Superimposition on the N-terminal helical arm of Maxi generated a model for type I AFP binding to sII gas hydrate that made intimate contacts, as shown in Fig. 6, A and B (top and side views, respectively). The side chains of the ice-binding residues (positions i (Thr), i+4 (Ala), and i+8 (Ala)) and a non-ice-binding residue (position i+1) docked into grooves 1, 2, 3, and 4, respectively. With surface waters on the hydrate-binding site of the AFP already preordered into a gas hydrate arrangement, AFP binding to the hydrate could occur from a simple merger of the preformed water layers. Hydrogen-bonding interactions also contributed to binding stability. As seen, the carbonyl groups of Maxi’s ice-binding residues anchor to the HLR through hydrogen bonds. Also, the carbonyl groups of ice-binding residues (positions i+4 and i+8) formed hydrogen bonds with the gas hydrate {100} planes (Fig. 6 B).
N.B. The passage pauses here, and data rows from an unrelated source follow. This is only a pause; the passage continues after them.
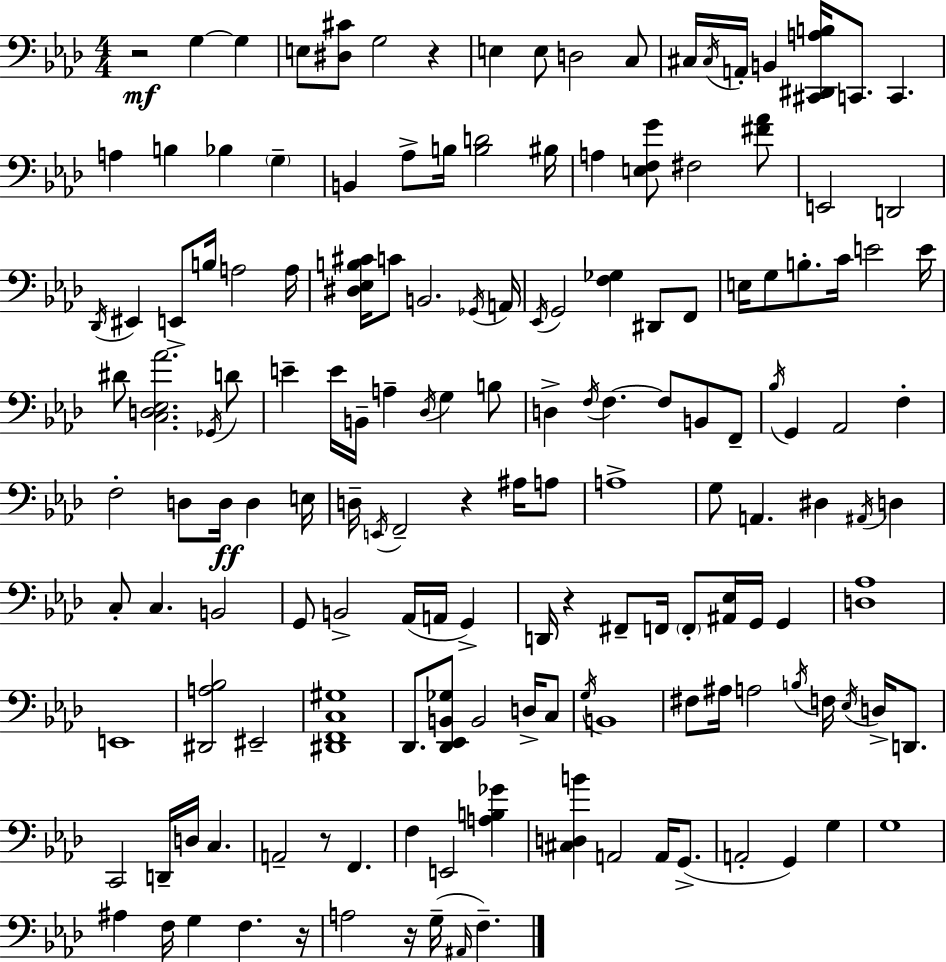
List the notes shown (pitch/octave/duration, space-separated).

R/h G3/q G3/q E3/e [D#3,C#4]/e G3/h R/q E3/q E3/e D3/h C3/e C#3/s C#3/s A2/s B2/q [C#2,D#2,A3,B3]/s C2/e. C2/q. A3/q B3/q Bb3/q G3/q B2/q Ab3/e B3/s [B3,D4]/h BIS3/s A3/q [E3,F3,G4]/e F#3/h [F#4,Ab4]/e E2/h D2/h Db2/s EIS2/q E2/e B3/s A3/h A3/s [D#3,Eb3,B3,C#4]/s C4/e B2/h. Gb2/s A2/s Eb2/s G2/h [F3,Gb3]/q D#2/e F2/e E3/s G3/e B3/e. C4/s E4/h E4/s D#4/e [C3,D3,Eb3,Ab4]/h. Gb2/s D4/e E4/q E4/s B2/s A3/q Db3/s G3/q B3/e D3/q F3/s F3/q. F3/e B2/e F2/e Bb3/s G2/q Ab2/h F3/q F3/h D3/e D3/s D3/q E3/s D3/s E2/s F2/h R/q A#3/s A3/e A3/w G3/e A2/q. D#3/q A#2/s D3/q C3/e C3/q. B2/h G2/e B2/h Ab2/s A2/s G2/q D2/s R/q F#2/e F2/s F2/e [A#2,Eb3]/s G2/s G2/q [D3,Ab3]/w E2/w [D#2,A3,Bb3]/h EIS2/h [D#2,F2,C3,G#3]/w Db2/e. [Db2,Eb2,B2,Gb3]/e B2/h D3/s C3/e G3/s B2/w F#3/e A#3/s A3/h B3/s F3/s Eb3/s D3/s D2/e. C2/h D2/s D3/s C3/q. A2/h R/e F2/q. F3/q E2/h [A3,B3,Gb4]/q [C#3,D3,B4]/q A2/h A2/s G2/e. A2/h G2/q G3/q G3/w A#3/q F3/s G3/q F3/q. R/s A3/h R/s G3/s A#2/s F3/q. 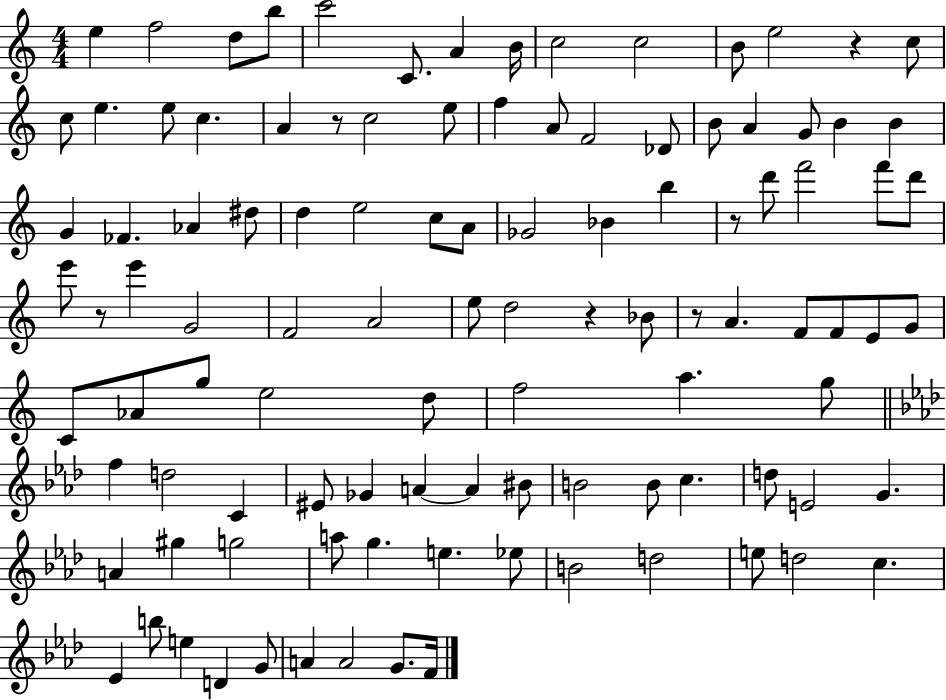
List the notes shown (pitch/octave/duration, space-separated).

E5/q F5/h D5/e B5/e C6/h C4/e. A4/q B4/s C5/h C5/h B4/e E5/h R/q C5/e C5/e E5/q. E5/e C5/q. A4/q R/e C5/h E5/e F5/q A4/e F4/h Db4/e B4/e A4/q G4/e B4/q B4/q G4/q FES4/q. Ab4/q D#5/e D5/q E5/h C5/e A4/e Gb4/h Bb4/q B5/q R/e D6/e F6/h F6/e D6/e E6/e R/e E6/q G4/h F4/h A4/h E5/e D5/h R/q Bb4/e R/e A4/q. F4/e F4/e E4/e G4/e C4/e Ab4/e G5/e E5/h D5/e F5/h A5/q. G5/e F5/q D5/h C4/q EIS4/e Gb4/q A4/q A4/q BIS4/e B4/h B4/e C5/q. D5/e E4/h G4/q. A4/q G#5/q G5/h A5/e G5/q. E5/q. Eb5/e B4/h D5/h E5/e D5/h C5/q. Eb4/q B5/e E5/q D4/q G4/e A4/q A4/h G4/e. F4/s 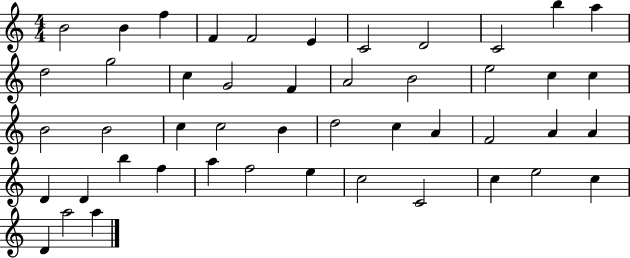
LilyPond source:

{
  \clef treble
  \numericTimeSignature
  \time 4/4
  \key c \major
  b'2 b'4 f''4 | f'4 f'2 e'4 | c'2 d'2 | c'2 b''4 a''4 | \break d''2 g''2 | c''4 g'2 f'4 | a'2 b'2 | e''2 c''4 c''4 | \break b'2 b'2 | c''4 c''2 b'4 | d''2 c''4 a'4 | f'2 a'4 a'4 | \break d'4 d'4 b''4 f''4 | a''4 f''2 e''4 | c''2 c'2 | c''4 e''2 c''4 | \break d'4 a''2 a''4 | \bar "|."
} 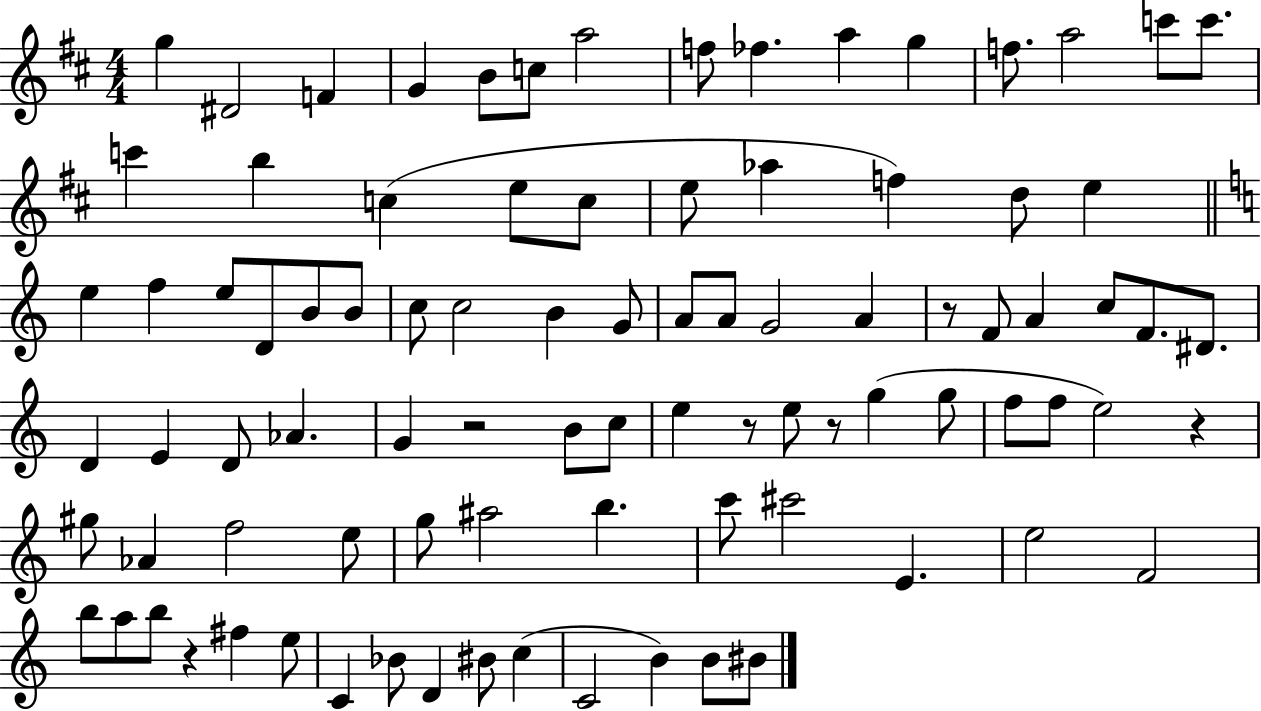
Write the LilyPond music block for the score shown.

{
  \clef treble
  \numericTimeSignature
  \time 4/4
  \key d \major
  g''4 dis'2 f'4 | g'4 b'8 c''8 a''2 | f''8 fes''4. a''4 g''4 | f''8. a''2 c'''8 c'''8. | \break c'''4 b''4 c''4( e''8 c''8 | e''8 aes''4 f''4) d''8 e''4 | \bar "||" \break \key c \major e''4 f''4 e''8 d'8 b'8 b'8 | c''8 c''2 b'4 g'8 | a'8 a'8 g'2 a'4 | r8 f'8 a'4 c''8 f'8. dis'8. | \break d'4 e'4 d'8 aes'4. | g'4 r2 b'8 c''8 | e''4 r8 e''8 r8 g''4( g''8 | f''8 f''8 e''2) r4 | \break gis''8 aes'4 f''2 e''8 | g''8 ais''2 b''4. | c'''8 cis'''2 e'4. | e''2 f'2 | \break b''8 a''8 b''8 r4 fis''4 e''8 | c'4 bes'8 d'4 bis'8 c''4( | c'2 b'4) b'8 bis'8 | \bar "|."
} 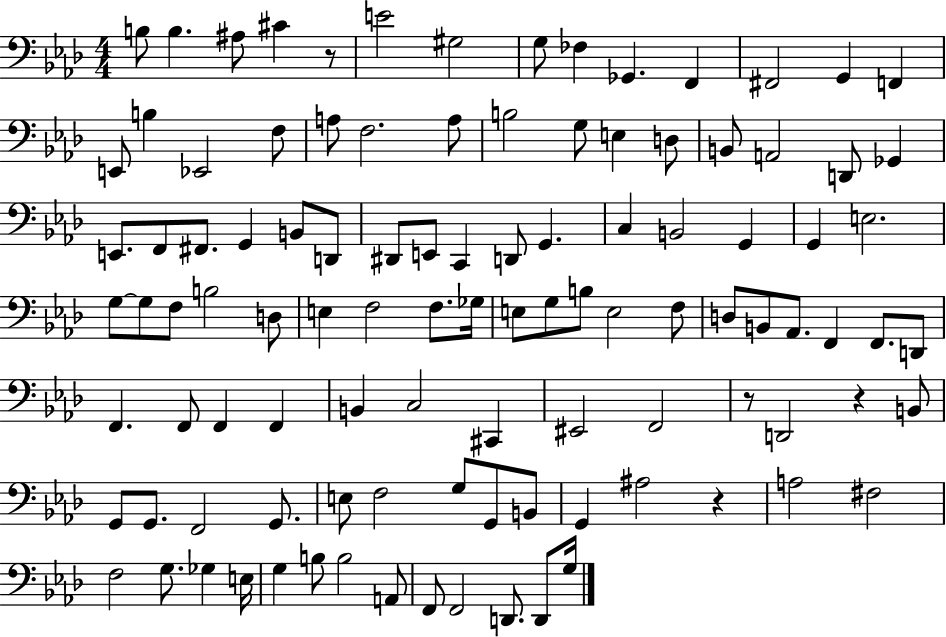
{
  \clef bass
  \numericTimeSignature
  \time 4/4
  \key aes \major
  b8 b4. ais8 cis'4 r8 | e'2 gis2 | g8 fes4 ges,4. f,4 | fis,2 g,4 f,4 | \break e,8 b4 ees,2 f8 | a8 f2. a8 | b2 g8 e4 d8 | b,8 a,2 d,8 ges,4 | \break e,8. f,8 fis,8. g,4 b,8 d,8 | dis,8 e,8 c,4 d,8 g,4. | c4 b,2 g,4 | g,4 e2. | \break g8~~ g8 f8 b2 d8 | e4 f2 f8. ges16 | e8 g8 b8 e2 f8 | d8 b,8 aes,8. f,4 f,8. d,8 | \break f,4. f,8 f,4 f,4 | b,4 c2 cis,4 | eis,2 f,2 | r8 d,2 r4 b,8 | \break g,8 g,8. f,2 g,8. | e8 f2 g8 g,8 b,8 | g,4 ais2 r4 | a2 fis2 | \break f2 g8. ges4 e16 | g4 b8 b2 a,8 | f,8 f,2 d,8. d,8 g16 | \bar "|."
}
Models for type I AFP binding to the {100} planes of sII gas hydrate. Type I AFP (*stick representation*) with its carbon atoms (*yellow*) is shown with hydrate waters (*red spheres*) and their hydrogen bonds (*black dashed lines*). (A) Top view of the binding model where type I AFP is superimposed on the N-terminal helical arm of Maxi. One example for grooves 1, 2, 3, and 4 is shown such that the water rings forming them are labeled with the same number. The ice-binding residues (*purple*) are labeled, i, i+4, and i+8 at their periodic positions. (B) Side view of the binding model in (A). Hydrogen bonds (*green dashed lines*) between AFP and hydrate waters are shown. (C) Top down view of the binding model for type I AFP superimposed on the C-terminal helical arm of Maxi. (D) Side view of the binding model. To see this figure in color, go online.

When type I AFP was superimposed onto the C-terminal helical arm of Maxi, the resulting model for sII binding was equally snug (Fig. 6, C and D, top and side views, respectively). Here, the side chain of a non-ice-binding residue (position i+7), and the ice-binding residues (positions i, i+4, and i+8), docked into hydrate grooves 1, 2, 3, and 4, respectively (Fig. 6 C). Furthermore, the carbonyl groups of the ice-binding residues (positions i and i+4) formed hydrogen-bonding interactions with the gas hydrate (Fig. 6 D). In both of these N- and C-terminal models, two adjacent faces of type I AFP, rotated 33° from each other around the helix, were used to interact with grooves 1, 2, 3, and 4 on the {100} planes of the gas hydrate.

Discussion

Maxi and type I AFPs adsorb to structure II gas hydrates

The impetus to model the interaction between type I AFP and the sII {100} planes was based on the crystal structure of Maxi’s internal waters, which make remarkable matches to those of gas hydrates (Fig. 2). Not surprisingly, since type I AFP and the sII {100} planes are similar to the helical arm and the HLR of Maxi, respectively, our proposed interactions are thermodynamically favorable. Further support of our model is afforded by previous experimental work showing that type I AFP inhibits THF hydrate growth (17). Based on the similarity between the HLR of Maxi and the sII {100} planes, we have also proposed a model of Maxi binding to hydrate, and this is supported by experimental evidence of Maxi’s adsorption to polycrystalline THF hydrate (Figs. 4 and 5). Significantly more Maxi than type III AFP bound to the hydrate, consistent with our model that shows that Maxi binds to the hydrate through a large surface area. We further speculate that the observed morphological disruption of the polycrystalline hydrate surface is a result of this large surface binding.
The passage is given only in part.